# Stradic Failure - On the Water



## NKlamerus (Jan 4, 2016)

Never had this happen, "bail bolt" came off. 

I noticed my anti reverse had cut out, and all the sudden my bail would lift up.









Reverse threaded bolt came off, I tightened it back down, and then wrenched it with a 4" Crescent Wrench.









Is that enough? What caused it? 

Stradic Ci4+ 4000, about a year old? Use it for EVERYTHING. Fresh, salt, offshore. One of the heaviest used reels in the Klamerus Family, but it's washed every trip and oiled every 3 months.


----------



## kanaka (Oct 3, 2007)

Not your exact reel but same manuf...http://mail.tackletour.net/viewtopic.php?f=32&t=45083&start=0
And the bail is the wire thingy.  If you look at your second pic it says " magnumlite _ _ _ _ _"


----------



## ThaFish (Feb 27, 2013)

Probably about a third of reels straight out of the box have a loose nut holding the rotor on. Always check new reels before using them! 

I really don't think it should happen again bro, as long as you tightened it down good. 
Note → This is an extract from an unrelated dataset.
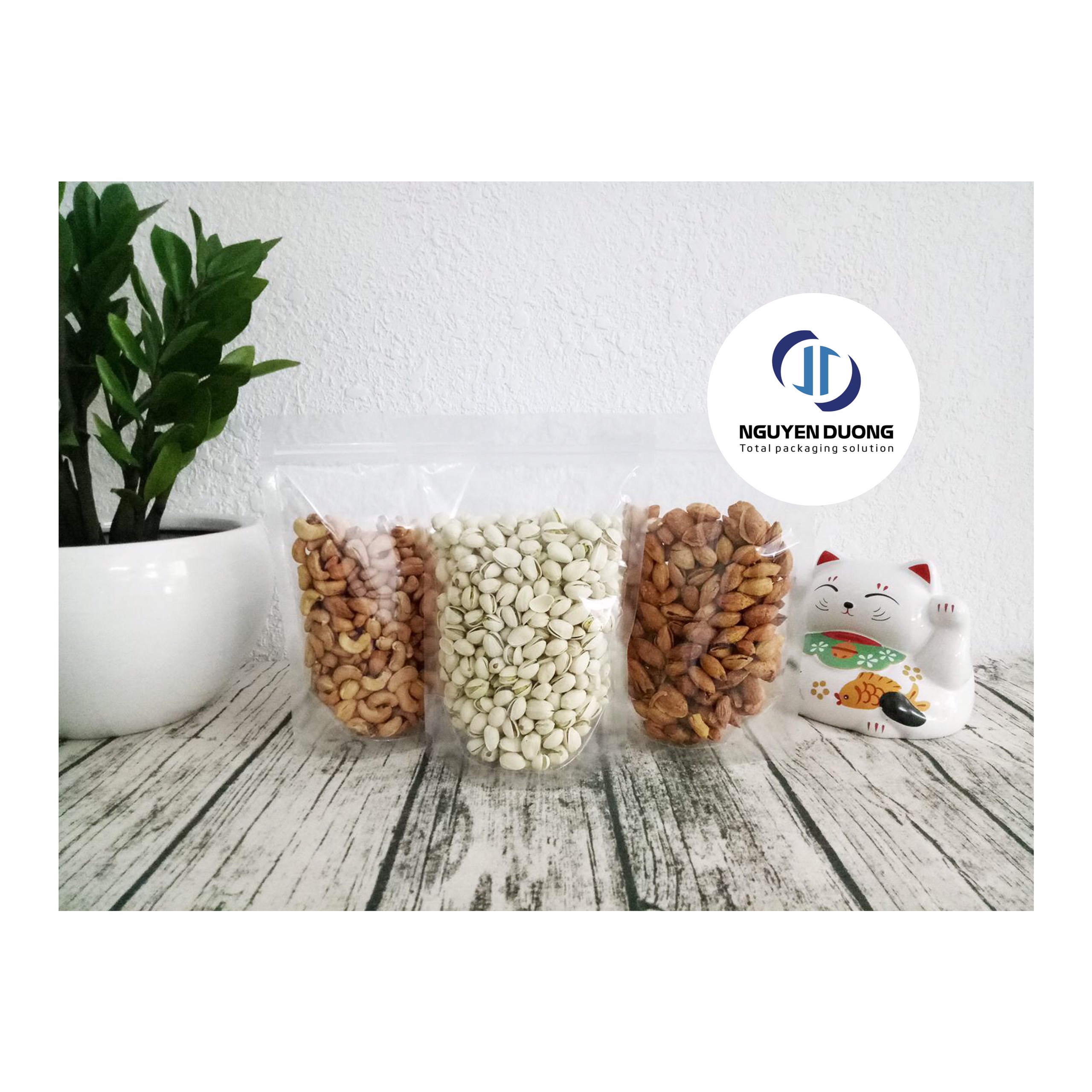 1kg Túi Zip trong suốt đáy đứng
Maybe Keith or Joe can shed some more light on this subject?


----------



## NKlamerus (Jan 4, 2016)

kanaka said:


> Not your exact reel but same manuf...http://mail.tackletour.net/viewtopic.php?f=32&t=45083&start=0
> And the bail is the wire thingy.  If you look at your second pic it says " magnumlite _ _ _ _ _"


Ah yes, I was going to go with Rotary, just sounded too technical for some of the folks on here


----------



## NKlamerus (Jan 4, 2016)

ThaFish said:


> Probably about a third of reels straight out of the box have a loose nut holding the rotor on. Always check new reels before using them!
> 
> I really don't think it should happen again bro, as long as you tightened it down good.
> 
> Maybe Keith or Joe can shed some more light on this subject?


Hopefully not! 

Otherwise I see the smallest dab of superglue being used. 
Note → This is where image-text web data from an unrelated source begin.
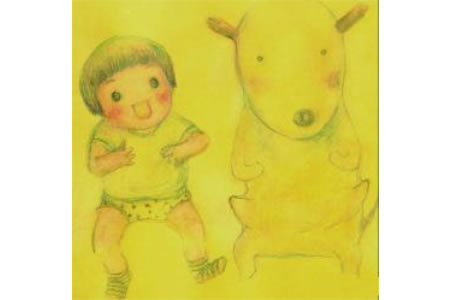 中秋节赏月儿童画-我和小狗赏月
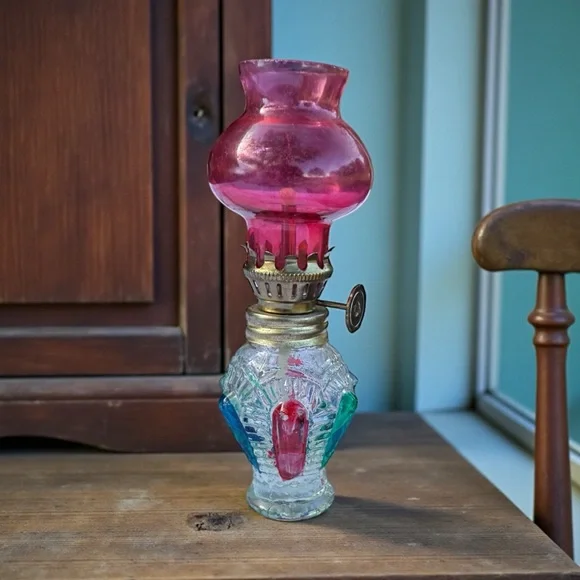 Vintage Mini Oil Kerosene Lamp Pink Glass Chimney Multicolor Glass Base 4 1/2” - Picture 2 of 3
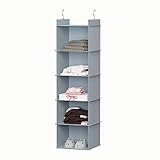 YOUDENOVA クローゼット 吊り下げ収納ラック 5段 ミニマリスト 省スペース 折りたたみ 収納ラック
Good news is it was really clean in there! Grease was used but still yellow! (Ardent Reel grease)


----------



## J0nesi (Jun 22, 2011)

damn I guess I need to go home and double check mine!


----------



## kanaka (Oct 3, 2007)

NKlamerus said:


> Ah yes, I was going to go with Rotary, just sounded too technical for some of the folks on here


The thing that goes round and round under the spool. :thumbsup:

Did ya give the rest of your reels a good yank to see if there's more loose ones? Paranoia....


----------



## NKlamerus (Jan 4, 2016)

Haven't had a problem since! Reel is slowly getting wore in though, been through some hard use.


----------



## displaced (Nov 14, 2008)

Is/was there a set screw by the nut?


----------



## NKlamerus (Jan 4, 2016)

displaced said:


> Is/was there a set screw by the nut?


I don't believe so.


----------



## Green Tide (May 11, 2016)

The only problem Ive had with the stradics is that wd 40 will eat the rubber handle


----------



## NKlamerus (Jan 4, 2016)

Green Tide said:


> The only problem Ive had with the stradics is that wd 40 will eat the rubber handle


I did not know that. Must be the foam they use?

I sprayed mine with some T9 Bioshield and it had no ill effects.


----------



## Jeffbro999#2 (Feb 17, 2014)

I would not use WD40 anywhere near a reel. Corrosion X would be a much better choice. Sunscreen, bug spray, petroleum based lubricants can all eat away at the paint finish and handle knobs, especially the Septon rubber knobs on Shimano baitcasters. I would replace a worn out knob on a CI4 with a Power Grip 2 knob off a Chronarch or Curado E, only $2.82 and the most comfortable knobs I've ever used. BNT 4220 for right hand knob, 4240 for left hand.


----------



## LSP552 (May 4, 2013)

displaced said:


> Is/was there a set screw by the nut?


I just checked and my 2500 FI has a set screw but the FJ and CI4+ does not. another item to check when changing line or doing other maintenance.


----------



## Ocean Master (May 20, 2008)

If your Shimano reel has a locking screw the nut is standard thread. If it doesn't have a set screw it's reverse thread.


----------